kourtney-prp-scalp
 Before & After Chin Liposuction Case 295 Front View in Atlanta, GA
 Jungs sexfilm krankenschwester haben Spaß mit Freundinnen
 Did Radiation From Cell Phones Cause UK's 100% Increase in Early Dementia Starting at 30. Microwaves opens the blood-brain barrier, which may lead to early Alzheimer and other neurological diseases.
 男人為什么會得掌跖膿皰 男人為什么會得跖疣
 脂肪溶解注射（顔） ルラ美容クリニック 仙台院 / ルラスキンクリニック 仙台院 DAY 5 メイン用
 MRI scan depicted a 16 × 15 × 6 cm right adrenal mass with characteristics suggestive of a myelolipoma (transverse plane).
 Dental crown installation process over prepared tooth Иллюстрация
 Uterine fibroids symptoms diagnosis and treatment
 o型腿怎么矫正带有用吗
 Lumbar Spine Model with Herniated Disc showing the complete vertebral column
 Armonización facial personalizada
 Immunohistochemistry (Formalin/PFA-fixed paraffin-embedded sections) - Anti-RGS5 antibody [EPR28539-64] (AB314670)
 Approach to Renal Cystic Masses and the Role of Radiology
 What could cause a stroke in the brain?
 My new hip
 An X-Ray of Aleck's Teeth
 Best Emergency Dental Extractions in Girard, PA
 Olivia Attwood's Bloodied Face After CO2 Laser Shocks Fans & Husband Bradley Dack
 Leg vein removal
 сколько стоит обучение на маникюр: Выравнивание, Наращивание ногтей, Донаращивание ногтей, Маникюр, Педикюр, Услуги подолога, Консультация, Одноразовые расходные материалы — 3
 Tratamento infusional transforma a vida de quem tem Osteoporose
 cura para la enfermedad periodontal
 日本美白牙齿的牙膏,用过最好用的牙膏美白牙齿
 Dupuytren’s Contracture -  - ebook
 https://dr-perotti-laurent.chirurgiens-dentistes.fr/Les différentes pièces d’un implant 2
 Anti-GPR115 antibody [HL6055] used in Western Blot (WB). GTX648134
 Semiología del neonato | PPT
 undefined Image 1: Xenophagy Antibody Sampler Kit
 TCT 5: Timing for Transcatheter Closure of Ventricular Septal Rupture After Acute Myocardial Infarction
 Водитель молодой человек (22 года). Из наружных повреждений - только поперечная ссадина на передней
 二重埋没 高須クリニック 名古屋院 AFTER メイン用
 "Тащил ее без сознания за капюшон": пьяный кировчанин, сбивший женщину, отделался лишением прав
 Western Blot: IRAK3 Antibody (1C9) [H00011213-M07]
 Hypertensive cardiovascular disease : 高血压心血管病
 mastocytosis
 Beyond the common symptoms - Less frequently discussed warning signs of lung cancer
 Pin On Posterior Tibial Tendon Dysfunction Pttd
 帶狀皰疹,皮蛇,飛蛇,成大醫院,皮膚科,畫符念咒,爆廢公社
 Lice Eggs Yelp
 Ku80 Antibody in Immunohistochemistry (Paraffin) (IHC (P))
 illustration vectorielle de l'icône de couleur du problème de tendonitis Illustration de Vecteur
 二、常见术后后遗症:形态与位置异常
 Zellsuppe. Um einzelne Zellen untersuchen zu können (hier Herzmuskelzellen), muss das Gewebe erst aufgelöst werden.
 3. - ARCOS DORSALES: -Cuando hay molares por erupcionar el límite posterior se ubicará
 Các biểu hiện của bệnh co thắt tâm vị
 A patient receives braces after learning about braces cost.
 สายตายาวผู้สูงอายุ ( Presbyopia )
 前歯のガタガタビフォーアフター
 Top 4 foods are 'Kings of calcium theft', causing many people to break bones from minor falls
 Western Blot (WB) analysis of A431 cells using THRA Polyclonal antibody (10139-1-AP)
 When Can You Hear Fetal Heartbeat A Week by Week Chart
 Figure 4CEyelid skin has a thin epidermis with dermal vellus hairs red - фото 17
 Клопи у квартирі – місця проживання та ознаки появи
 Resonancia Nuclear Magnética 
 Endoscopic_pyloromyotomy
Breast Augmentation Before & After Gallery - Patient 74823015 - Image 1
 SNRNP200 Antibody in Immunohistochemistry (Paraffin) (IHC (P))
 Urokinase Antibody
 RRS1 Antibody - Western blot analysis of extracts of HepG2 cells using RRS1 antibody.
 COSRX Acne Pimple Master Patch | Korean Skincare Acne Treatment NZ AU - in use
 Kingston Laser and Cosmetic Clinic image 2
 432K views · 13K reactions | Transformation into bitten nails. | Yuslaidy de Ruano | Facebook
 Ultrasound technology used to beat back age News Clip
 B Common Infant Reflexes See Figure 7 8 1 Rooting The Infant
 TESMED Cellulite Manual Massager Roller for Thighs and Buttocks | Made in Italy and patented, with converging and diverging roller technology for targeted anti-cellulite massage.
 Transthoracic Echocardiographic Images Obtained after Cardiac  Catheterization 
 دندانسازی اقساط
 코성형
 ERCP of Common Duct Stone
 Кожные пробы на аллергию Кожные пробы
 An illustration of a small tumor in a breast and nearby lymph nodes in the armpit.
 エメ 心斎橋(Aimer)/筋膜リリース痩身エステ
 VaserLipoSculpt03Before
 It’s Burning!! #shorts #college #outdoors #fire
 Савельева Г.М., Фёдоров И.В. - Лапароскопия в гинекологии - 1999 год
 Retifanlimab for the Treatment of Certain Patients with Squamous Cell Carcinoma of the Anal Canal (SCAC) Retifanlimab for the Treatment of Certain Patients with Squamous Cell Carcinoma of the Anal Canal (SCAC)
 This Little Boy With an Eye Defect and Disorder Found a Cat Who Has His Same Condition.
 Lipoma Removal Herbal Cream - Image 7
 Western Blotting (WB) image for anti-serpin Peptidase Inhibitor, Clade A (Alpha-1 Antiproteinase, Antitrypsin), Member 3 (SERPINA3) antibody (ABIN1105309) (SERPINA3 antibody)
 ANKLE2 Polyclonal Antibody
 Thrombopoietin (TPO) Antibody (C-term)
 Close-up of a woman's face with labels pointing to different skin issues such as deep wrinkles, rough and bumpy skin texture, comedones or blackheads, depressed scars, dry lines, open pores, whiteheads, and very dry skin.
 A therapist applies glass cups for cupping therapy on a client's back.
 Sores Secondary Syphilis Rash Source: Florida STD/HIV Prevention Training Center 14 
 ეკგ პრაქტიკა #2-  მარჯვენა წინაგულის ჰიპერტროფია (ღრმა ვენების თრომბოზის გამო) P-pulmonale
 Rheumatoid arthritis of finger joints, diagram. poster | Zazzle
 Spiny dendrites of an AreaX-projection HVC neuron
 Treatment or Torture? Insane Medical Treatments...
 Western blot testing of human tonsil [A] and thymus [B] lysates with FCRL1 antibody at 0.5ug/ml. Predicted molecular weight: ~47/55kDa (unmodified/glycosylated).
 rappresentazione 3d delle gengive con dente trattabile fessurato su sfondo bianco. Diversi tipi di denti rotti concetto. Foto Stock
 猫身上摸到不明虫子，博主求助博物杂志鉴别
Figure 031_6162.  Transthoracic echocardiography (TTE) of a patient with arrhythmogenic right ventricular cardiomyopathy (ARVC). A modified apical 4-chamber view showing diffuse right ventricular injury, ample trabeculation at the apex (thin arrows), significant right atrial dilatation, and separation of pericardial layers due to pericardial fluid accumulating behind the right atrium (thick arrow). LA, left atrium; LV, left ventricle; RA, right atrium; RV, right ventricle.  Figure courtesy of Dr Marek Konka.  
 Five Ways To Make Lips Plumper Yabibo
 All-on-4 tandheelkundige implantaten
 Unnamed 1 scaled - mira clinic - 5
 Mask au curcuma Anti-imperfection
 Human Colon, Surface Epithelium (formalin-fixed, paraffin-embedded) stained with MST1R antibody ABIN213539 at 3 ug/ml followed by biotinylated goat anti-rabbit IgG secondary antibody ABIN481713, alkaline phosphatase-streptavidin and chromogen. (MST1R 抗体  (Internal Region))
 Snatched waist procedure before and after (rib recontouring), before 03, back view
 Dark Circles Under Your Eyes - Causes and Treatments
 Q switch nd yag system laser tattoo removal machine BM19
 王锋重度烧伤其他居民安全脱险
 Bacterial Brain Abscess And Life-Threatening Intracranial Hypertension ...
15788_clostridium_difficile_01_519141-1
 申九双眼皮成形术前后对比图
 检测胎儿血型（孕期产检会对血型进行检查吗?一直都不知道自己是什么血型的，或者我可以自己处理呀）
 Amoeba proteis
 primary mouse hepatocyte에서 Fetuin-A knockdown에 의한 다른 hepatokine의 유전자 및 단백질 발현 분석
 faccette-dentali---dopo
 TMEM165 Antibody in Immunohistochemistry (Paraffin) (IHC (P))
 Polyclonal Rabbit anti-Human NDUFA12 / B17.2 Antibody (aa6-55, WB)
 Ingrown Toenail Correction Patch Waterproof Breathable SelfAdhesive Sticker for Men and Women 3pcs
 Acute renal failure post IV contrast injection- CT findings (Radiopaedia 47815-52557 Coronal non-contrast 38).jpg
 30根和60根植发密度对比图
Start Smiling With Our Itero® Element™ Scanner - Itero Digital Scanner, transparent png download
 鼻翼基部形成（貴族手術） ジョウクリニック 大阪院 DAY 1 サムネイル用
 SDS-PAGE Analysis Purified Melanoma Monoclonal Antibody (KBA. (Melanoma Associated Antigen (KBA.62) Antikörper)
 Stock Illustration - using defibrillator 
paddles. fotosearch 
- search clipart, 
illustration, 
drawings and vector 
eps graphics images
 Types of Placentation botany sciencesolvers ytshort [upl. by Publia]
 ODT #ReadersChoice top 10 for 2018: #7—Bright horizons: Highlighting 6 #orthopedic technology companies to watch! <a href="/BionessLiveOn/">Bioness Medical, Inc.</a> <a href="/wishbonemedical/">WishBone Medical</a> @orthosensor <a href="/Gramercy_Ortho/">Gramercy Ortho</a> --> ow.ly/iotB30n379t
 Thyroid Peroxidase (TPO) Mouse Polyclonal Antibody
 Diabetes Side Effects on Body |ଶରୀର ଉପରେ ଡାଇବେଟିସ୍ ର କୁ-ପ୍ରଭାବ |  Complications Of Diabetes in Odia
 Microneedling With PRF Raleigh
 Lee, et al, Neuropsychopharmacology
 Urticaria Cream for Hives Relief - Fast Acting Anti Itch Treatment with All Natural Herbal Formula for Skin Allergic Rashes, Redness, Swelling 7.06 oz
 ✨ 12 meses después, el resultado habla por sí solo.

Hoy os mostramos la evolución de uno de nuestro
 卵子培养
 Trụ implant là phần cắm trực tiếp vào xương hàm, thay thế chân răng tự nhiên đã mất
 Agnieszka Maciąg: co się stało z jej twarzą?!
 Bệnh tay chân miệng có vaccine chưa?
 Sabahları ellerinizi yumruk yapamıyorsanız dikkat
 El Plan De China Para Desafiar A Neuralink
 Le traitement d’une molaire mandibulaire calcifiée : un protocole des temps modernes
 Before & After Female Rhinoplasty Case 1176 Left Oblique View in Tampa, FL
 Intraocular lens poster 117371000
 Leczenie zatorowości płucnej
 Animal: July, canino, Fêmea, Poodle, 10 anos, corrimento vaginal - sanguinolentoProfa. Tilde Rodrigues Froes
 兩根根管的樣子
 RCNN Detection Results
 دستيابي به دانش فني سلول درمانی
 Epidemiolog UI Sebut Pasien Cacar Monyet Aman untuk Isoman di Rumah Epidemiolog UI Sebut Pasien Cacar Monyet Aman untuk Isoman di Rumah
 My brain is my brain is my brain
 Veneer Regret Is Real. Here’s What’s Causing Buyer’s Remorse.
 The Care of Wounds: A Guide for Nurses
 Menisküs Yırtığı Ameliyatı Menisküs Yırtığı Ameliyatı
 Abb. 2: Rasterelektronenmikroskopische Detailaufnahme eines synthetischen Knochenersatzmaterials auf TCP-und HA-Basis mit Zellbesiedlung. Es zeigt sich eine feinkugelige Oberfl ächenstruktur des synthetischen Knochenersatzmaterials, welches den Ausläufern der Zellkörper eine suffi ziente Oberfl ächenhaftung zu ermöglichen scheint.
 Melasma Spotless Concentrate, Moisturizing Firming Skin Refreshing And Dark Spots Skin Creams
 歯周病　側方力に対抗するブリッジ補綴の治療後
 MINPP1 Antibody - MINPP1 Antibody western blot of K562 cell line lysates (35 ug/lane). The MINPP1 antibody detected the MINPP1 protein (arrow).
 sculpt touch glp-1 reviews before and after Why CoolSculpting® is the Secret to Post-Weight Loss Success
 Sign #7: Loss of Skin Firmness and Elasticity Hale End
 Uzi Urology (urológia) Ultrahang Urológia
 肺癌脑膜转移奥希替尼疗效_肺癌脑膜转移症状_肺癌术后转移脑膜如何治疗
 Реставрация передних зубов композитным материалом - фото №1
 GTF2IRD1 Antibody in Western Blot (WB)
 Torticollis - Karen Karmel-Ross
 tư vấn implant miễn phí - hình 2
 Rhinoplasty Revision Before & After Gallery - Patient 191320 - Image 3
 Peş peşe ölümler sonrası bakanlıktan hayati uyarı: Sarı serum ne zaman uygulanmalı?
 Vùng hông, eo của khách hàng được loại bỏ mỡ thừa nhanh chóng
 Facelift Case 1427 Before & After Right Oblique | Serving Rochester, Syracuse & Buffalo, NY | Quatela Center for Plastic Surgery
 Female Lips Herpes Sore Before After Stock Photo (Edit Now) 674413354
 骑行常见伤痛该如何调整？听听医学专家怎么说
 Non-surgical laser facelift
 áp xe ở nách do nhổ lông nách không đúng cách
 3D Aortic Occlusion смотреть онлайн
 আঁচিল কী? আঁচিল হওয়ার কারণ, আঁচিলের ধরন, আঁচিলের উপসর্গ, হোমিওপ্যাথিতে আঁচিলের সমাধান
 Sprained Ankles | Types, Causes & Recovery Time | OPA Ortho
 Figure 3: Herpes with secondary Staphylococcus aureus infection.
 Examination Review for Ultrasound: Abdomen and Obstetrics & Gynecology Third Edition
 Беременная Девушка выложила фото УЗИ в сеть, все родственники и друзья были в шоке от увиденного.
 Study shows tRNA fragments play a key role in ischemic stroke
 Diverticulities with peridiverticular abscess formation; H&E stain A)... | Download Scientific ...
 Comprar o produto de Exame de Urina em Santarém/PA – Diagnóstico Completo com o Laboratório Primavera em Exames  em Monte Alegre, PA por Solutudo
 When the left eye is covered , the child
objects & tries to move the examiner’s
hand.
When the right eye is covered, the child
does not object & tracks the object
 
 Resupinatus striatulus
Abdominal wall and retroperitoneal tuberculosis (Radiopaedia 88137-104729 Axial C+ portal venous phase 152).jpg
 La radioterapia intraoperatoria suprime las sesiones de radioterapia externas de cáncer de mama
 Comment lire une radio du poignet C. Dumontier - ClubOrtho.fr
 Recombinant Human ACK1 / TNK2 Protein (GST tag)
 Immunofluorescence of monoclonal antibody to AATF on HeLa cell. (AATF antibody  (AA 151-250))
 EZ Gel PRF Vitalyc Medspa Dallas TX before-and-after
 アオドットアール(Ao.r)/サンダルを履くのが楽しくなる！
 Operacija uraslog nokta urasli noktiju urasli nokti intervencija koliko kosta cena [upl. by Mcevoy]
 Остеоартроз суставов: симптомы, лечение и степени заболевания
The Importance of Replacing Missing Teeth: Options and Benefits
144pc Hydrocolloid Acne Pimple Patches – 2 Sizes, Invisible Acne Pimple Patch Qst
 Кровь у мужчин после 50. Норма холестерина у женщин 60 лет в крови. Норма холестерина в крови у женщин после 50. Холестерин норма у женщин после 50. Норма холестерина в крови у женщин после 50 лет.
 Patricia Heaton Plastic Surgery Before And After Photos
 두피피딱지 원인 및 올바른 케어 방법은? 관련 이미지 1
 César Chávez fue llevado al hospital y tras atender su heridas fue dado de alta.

■ ■ ■ ■ ■

Aim of the exercise: Within the listing above, work out how many lines hold "lysates", and answer with that number only.

The completed task: 2